What you are asked to do:
For the records below, print the lines from the line with "Chambre Lit Queen-Size" through the line with "Certified 2022 GMC" exactly as written; include both end lines and exclude the rest.

-- Information given follows --

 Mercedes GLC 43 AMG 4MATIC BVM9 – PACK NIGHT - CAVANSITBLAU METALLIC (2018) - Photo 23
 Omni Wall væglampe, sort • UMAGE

-- Information given concluded --
-- Information given follows --

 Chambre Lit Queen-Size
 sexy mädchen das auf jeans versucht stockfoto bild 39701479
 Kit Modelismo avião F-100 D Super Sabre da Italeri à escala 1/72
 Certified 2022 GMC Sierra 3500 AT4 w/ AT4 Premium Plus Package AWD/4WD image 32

-- Information given concluded --

Written solution:
 Chambre Lit Queen-Size
 sexy mädchen das auf jeans versucht stockfoto bild 39701479
 Kit Modelismo avião F-100 D Super Sabre da Italeri à escala 1/72
 Certified 2022 GMC Sierra 3500 AT4 w/ AT4 Premium Plus Package AWD/4WD image 32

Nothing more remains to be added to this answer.